You can also analyze detailed evaluation results for individual samples through the Table View.
3-1) Dashboard Screen
The Dashboard visualizes and provides only the completed evaluation results.
In an Evaluation Task, it is composed of various Categories and Metrics, so performance comparison by Category and detailed analysis by Metric become the main analysis axes.

Dashboard Main Components
① Category & Metric Comparison
You can comprehensively compare evaluation performance by category and model performance by detailed metric.
② Evaluation Result Detailed Analysis
Provides score distribution, detailed results by Rubric, and performance patterns by category with various visualizations.
① Features by Visualization Type
On the Dashboard, you can check the Metric results in two chart forms.

You can intuitively compare performance differences by metric by displaying the Metric performance for each model as a bar graph.

You can grasp the performance patterns and strengths and weaknesses of models at a glance by displaying multiple Metrics at the same time.
② Metric Comparison Chart
You can identify the strengths and weaknesses of each model through the scores for each metric by comparing the performance of each Metric in the RAGAs category by model.


③ Detailed Analysis Visualization
It provides the score distribution of a specific Metric for each model with various visualizations, and you can also check the detailed results for each Rubric to analyze the evaluation results precisely.

You can analyze performance deviations or differences according to data characteristics by visualizing the score distribution for each model.

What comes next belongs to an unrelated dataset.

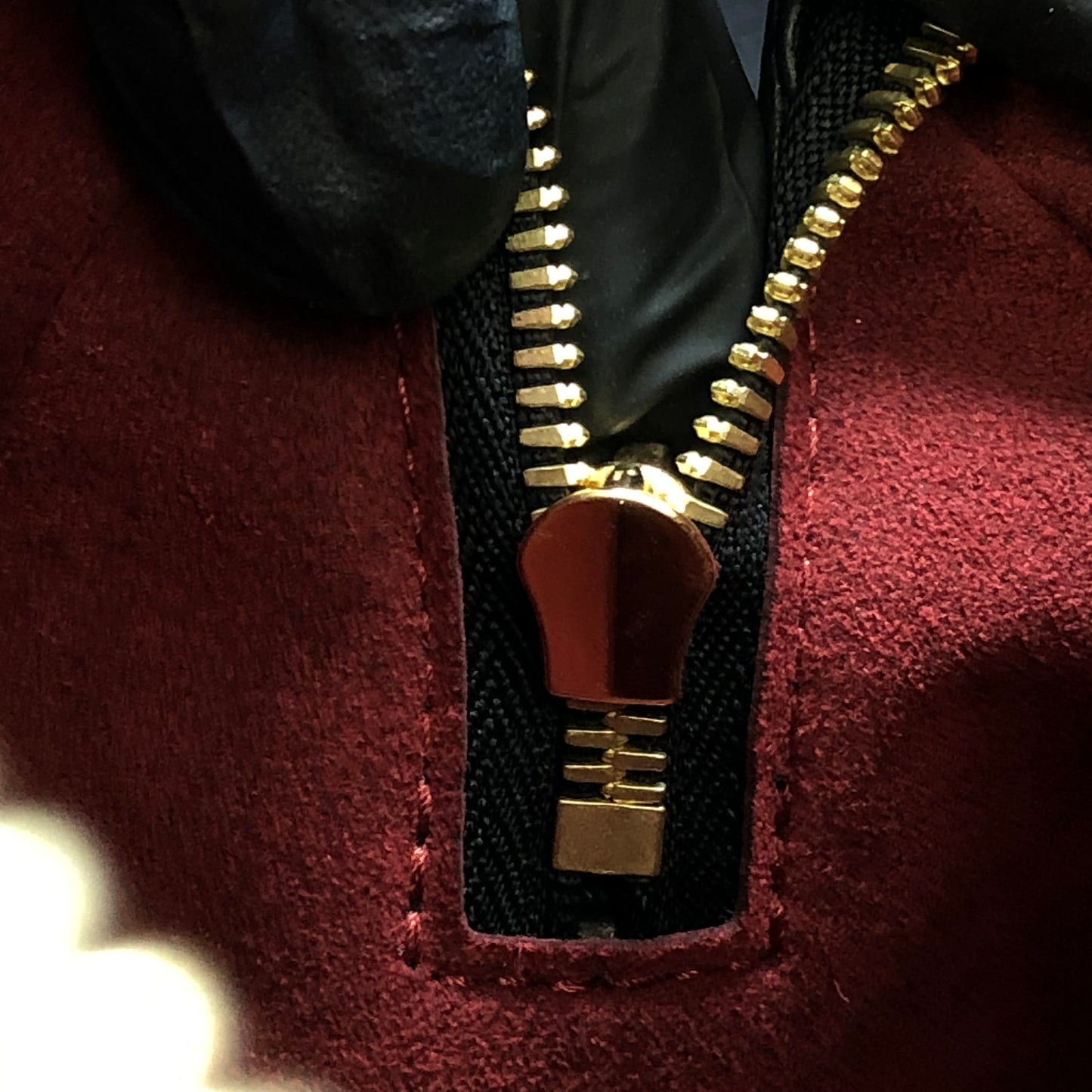 Louis Vuitton Speedy Bandoulière 25 Handbag Black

You can clearly check the strengths and weaknesses of each item by comparing the scores between models for each specific Rubric.

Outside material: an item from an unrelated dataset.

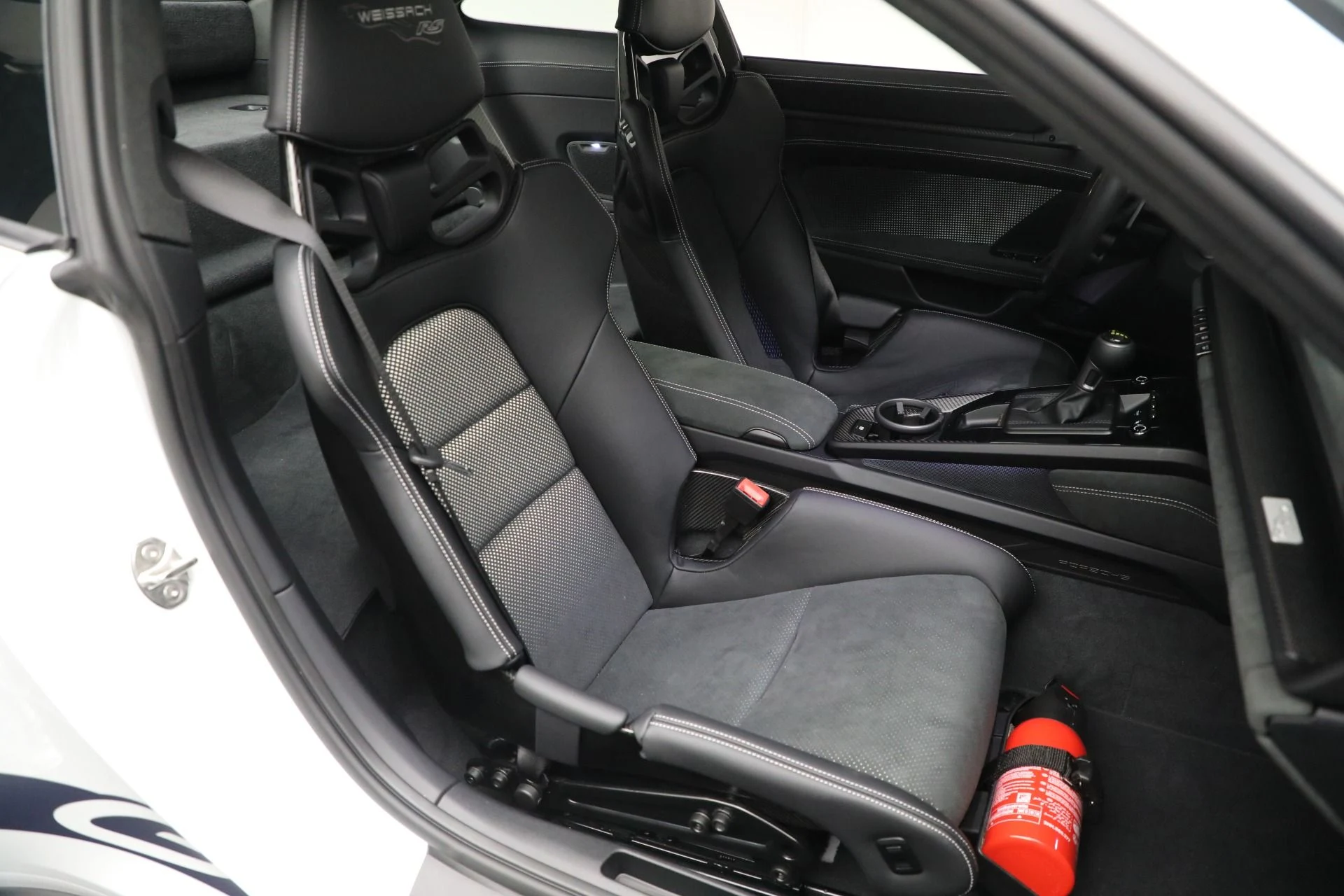 mph017_917257464_Used_2025_Porsche_911_GT_3_RS_1762987246_99c91dcc0b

It provides a Score Heatmap based on Metadata, so you can easily check performance changes by data type or situation.
3-2) Table View Screen
The Table View is a detailed screen where you can analyze the results confirmed on the Dashboard in detail. You can go there directly through the top tab, or when you click on a Dashboard graph, the corresponding information is automatically filtered so you can check the detailed data.
④ Tab Structure
The Table View is composed of three tabs, allowing you to check the evaluation results from different perspectives.
- Compare Model: Compare the responses and scores of multiple models side-by-side to check the performance of each model for the same question.
- Compare Metric: Compare model responses by evaluation metric to analyze the score differences for the same response by metric.
- Model-Metric: Focus on a specific evaluation metric of a specific model to perform a standalone analysis.
⑤ Filter and Search
You can view the results in detail under the desired conditions through the filter area at the top.

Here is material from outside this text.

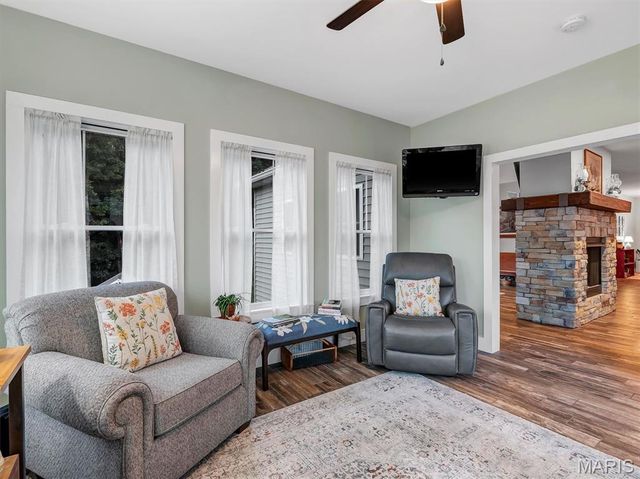 274 Calvey Crossing Lane, Robertsville, MO 63072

You can filter only the desired results by selecting Metric and Metadata conditions, setting a score range, entering a search term, and using sorting options.
⑥ Response Comparison Table
You can check the Query and the score and response for each model side-by-side, and you can check the detailed evaluation information by clicking on a cell. The score sections are distinguished by color, so you can visually grasp the performance.

⑦ Detail Panel
You can check the basis and criteria for the evaluation of the selected response in detail. It provides the original question and response, and context information together, and you can transparently check the evaluation process through the model name, score, and evaluation Rubric.

Usage Guide
Tab Usage by Purpose
- Compare the performance of multiple models → Compare Model tab
- Check the performance difference between evaluation metrics → Compare Metric tab
- Focus on a single model → Model-Metric tab
In-depth Analysis
- Quickly identify performance issues in specific situations by combining filters and sorting.
- Immediately check detailed data of areas of interest by clicking on Dashboard charts.
- Review the basis and criteria for evaluation using the Detail panel.
If the dataset satisfies certain conditions,
the BEIR benchmark is automatically executed along with the Judge evaluation, and the results can be checked in the Beir Leaderboard format.